To support symlinks on Windows, you either need to activate Developer Mode or to run Python as an administrator. In order to activate developer mode, see this article: https://docs.microsoft.com/en-us/windows/apps/get-started/enable-your-device-for-development


In [6]:
# Checking the returned embeddings len
query_result = embeddings.embed_query("Hello World")
len(query_result)

384

In [7]:
# Storing the vector embeddings in a pinecone 

from pinecone.grpc import PineconeGRPC as Pinecone
from pinecone  import ServerlessSpec
import os 
from dotenv import load_dotenv
load_dotenv()

pc=Pinecone(api_key=os.environ.get("PINECONE_API_KEY"))

index_name = 'medicalbot'

pc.create_index(name=index_name, 
                dimension=384,
                metric='cosine',
                spec=ServerlessSpec(
                    cloud='aws',
                    region='us-east-1',
                ))

In [8]:
import os 
PINECONE_API_KEY = os.getenv("PINECONE_API_KEY")
os.environ['PINECONE_API_KEY']=PINECONE_API_KEY

In [20]:
# Upserting the embeddings in the pinecone index

from langchain_pinecone import PineconeVectorStore

docsearch = PineconeVectorStore.from_documents(
    documents=text_chunks,
    embedding=embeddings,
    index_name=index_name
)

In [21]:
# Loading the Existing Index from PineconeDB:
docsearch = PineconeVectorStore.from_existing_index(index_name=index_name,
                                                    embedding=embeddings)

In [22]:
type(docsearch)

langchain_pinecone.vectorstores.PineconeVectorStore

In [23]:
# Using the docsearch as retriver
retriever = docsearch.as_retriever(search_type='similarity',
                                   search_kwargs={'k': 2})

In [24]:
retrived_docs = retriever.invoke("What is Acne?")

In [None]:
# Querying the Pinecone Index
retrived_docs

[Document(id='a3ab2b9c-c0e0-4d93-a0da-03292c294641', metadata={'creationdate': '2004-12-18T17:00:02-05:00', 'creator': 'PyPDF', 'moddate': '2004-12-18T16:15:31-06:00', 'page': 39.0, 'page_label': '40', 'producer': 'PDFlib+PDI 5.0.0 (SunOS)', 'source': 'Data\\Medical_book.pdf', 'total_pages': 637.0}, page_content='GALE ENCYCLOPEDIA OF MEDICINE 226\nAcne\nGEM - 0001 to 0432 - A  10/22/03 1:41 PM  Page 26'),
 Document(id='3603685d-d442-4343-994c-4293830118f9', metadata={'creationdate': '2004-12-18T17:00:02-05:00', 'creator': 'PyPDF', 'moddate': '2004-12-18T16:15:31-06:00', 'page': 38.0, 'page_label': '39', 'producer': 'PDFlib+PDI 5.0.0 (SunOS)', 'source': 'Data\\Medical_book.pdf', 'total_pages': 637.0}, page_content='GALE ENCYCLOPEDIA OF MEDICINE 2 25\nAcne\nAcne vulgaris affecting a woman’s face.

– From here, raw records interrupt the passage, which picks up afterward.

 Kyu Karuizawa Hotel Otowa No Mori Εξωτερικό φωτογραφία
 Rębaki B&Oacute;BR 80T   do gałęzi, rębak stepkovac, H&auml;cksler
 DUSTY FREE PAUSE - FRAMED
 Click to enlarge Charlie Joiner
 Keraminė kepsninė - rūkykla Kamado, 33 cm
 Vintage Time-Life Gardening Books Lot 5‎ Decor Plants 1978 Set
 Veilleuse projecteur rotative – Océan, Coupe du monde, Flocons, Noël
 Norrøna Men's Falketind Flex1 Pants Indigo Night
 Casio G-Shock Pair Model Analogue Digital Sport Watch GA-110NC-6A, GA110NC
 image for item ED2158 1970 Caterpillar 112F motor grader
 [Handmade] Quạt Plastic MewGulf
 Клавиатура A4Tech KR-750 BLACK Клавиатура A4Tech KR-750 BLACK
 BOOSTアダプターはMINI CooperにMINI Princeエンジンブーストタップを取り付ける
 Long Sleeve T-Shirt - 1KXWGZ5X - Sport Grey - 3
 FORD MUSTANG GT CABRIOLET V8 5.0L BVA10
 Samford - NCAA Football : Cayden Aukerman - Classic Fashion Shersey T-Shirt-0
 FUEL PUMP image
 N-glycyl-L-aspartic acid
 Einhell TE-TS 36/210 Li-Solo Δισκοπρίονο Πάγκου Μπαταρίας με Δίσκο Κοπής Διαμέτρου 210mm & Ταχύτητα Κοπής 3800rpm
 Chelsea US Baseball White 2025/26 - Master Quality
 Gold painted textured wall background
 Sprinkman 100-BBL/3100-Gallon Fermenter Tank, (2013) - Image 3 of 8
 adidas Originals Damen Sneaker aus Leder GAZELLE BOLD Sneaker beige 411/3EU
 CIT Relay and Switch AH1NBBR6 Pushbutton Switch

Acne is the general\nname given to a skin disorder in which the sebaceous\nglands become inflamed.(Photograph by Biophoto Associ-\nates, Photo Researchers, Inc. Reproduced by permission.)\nGEM -

In [30]:
# Integerating the LLM MOdel 
load_dotenv()
OPENAI_API_KEY = os.environ.get("OPENAI_API_KEY")
os.environ['OPENAI_API_KEY']=OPENAI_API_KEY

from langchain_openai import OpenAI
llm = OpenAI(temperature=0.3,
             max_tokens=500)

In [None]:
# Creating a LLM RAG

from langchain.chains import create_retrieval_chain
from langchain.chains.combine_documents import create_stuff_documents_chain
from langchain_core.prompts import ChatPromptTemplate



In [34]:
# Creating a system prompt

system_prompt = (
    "You are an assistant for question-answering tasks. "
    "Use the following pieces of retrieved context to answer "
    "the question. If you don't know the answer, say that you "
    "don't know. Use three sentences maximum and keep the "
    "answer concise."
    "\n\n"
    "{context}"
)

prompt = ChatPromptTemplate.from_messages([
    ('system',system_prompt),
    ('human',"{input}"),
])

In [37]:
# Creating RAG
question_answer_chain = create_stuff_documents_chain(llm, prompt)
rag_chain = create_retrieval_chain(retriever,question_answer_chain)

In [38]:
# Getting a response
response = rag_chain.invoke({'input':'What is Acne?'})
print(response['answer'])



Acne is a skin disorder that involves inflammation of the sebaceous glands. It is also known as acne vulgaris and is commonly seen on the face. It is caused by a variety of factors, including hormonal changes and bacteria.